Schaff, Philip. History of the Christian Church (The Complete Eight Volumes in One). Amazon Kindle Edition, 2014.
Volume 1, Ch. 3, “The Apostolic Age.” Loc. 2859-3470
§20 “Sources and Literature of the Apostolic Age” (Schaff 2014, Loc. 2859).
The New Testament texts come to mind immediately as source documents for the Apostolic Age. Schaff refers to the debates which have occurred about various books of the New Testament but concludes that even without those of which there is debate the canonical Gospels and Acts give evidence of a trustworthy preservation of the apostolic time (Ibid., Loc. 2874). Schaff also notes that the post-apostolic and patristic writings seem dependent on a view of the accuracy of Acts and Paul’s letters. The apocryphal and heretical works, which Schaff cites in a bibliography (Ibid., Loc. 2892), Jewish, and Pagan sources, though often hostile to Christian orthodoxy, accept the New Testament view of people, places, and many ideas. Schaff provides a list of histories as well (Ibid., Loc. 2910).

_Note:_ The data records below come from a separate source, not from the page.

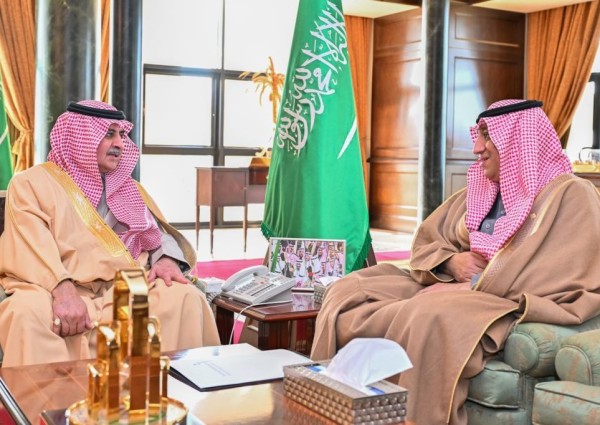 أمير منطقة تبوك يستقبل مدير فرع الديوان العام للمحاسبة بالمنطقة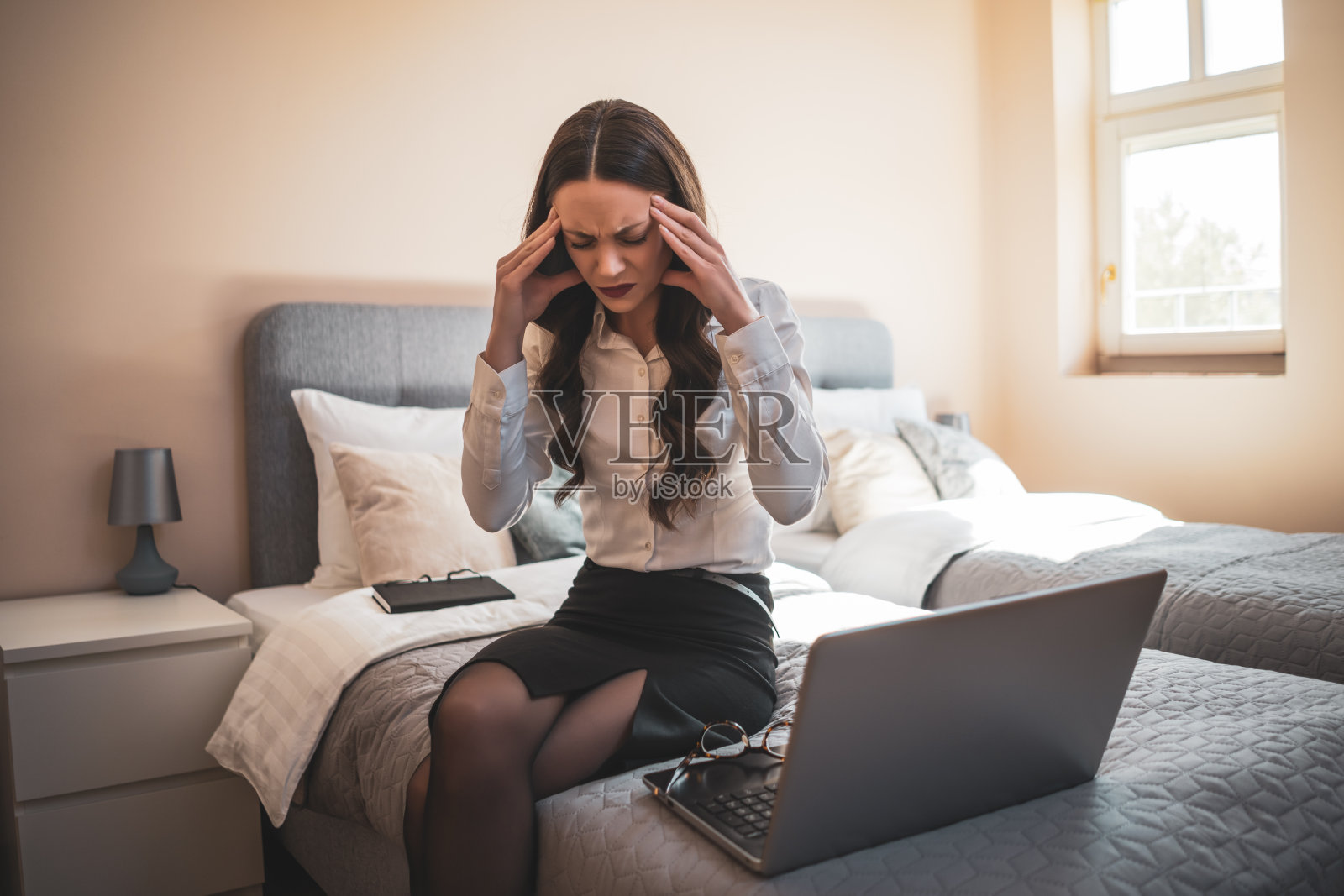 酒店房间里的女商人照片摄影图片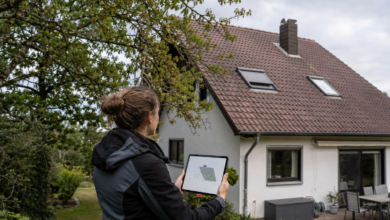 Solarplanerin beurteilt ein kleines teilweise verschattetes Hausdach. KI-Symbolbild. [Bildinhalt mit KI erstellt]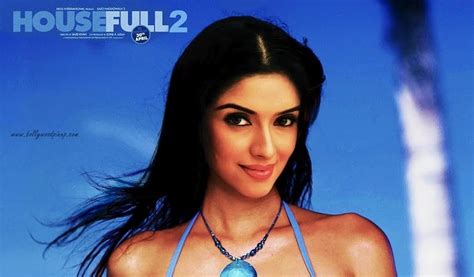 sexy images without clothes asin hot bikini housefull 2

§21. “General Character of the Apostolic Age” (Ibid., Loc. 2996). This period covers approximately AD 30-100 with centers of activity in Jerusalem, Antioch, and Rome, with Ephesus and Corinth becoming important later in the period (Ibid., Loc. 3003). The Gospel reached throughout the Mediterranean world in this period. Again, Acts and the Pauline Epistles are the primary source until 63. Little is known after that time until the second century (Ibid., Loc. 3026). Christianity grew rapidly, possibly reaching some 12 million by the time of Constantine (Ibid., Loc. 3043). Schaff sees Peter, Paul, and John as the representatives of this age, being paradigms for all growth of Christianity (Ibid., Loc. 3073). He goes on to sketch the three individually.
§22. “The Critical Reconstruction of the History of the Apostolic Age” (Ibid., Loc. 3155). In Schaff’s time studies of the apostolic age were blossoming, though often in such a way as to discredit the early accounts (Ibid., Loc. 3169). Schaff discusses both verbal criticism and historical criticism which had been developed in the early 1800s. One branch was more disposed to accept the reliability of Scripture than the other. Schaff illustrates some of the distinctives of the more skeptical Tubingen school.
§23. “Chronology of the Apostolic Age” (Ibid., Loc. 3389).
Much of the chronology is well document in Acts, the Pauline Epistles, Josephus, and other Roman historians. Schaff gives some highlights of the period with dates.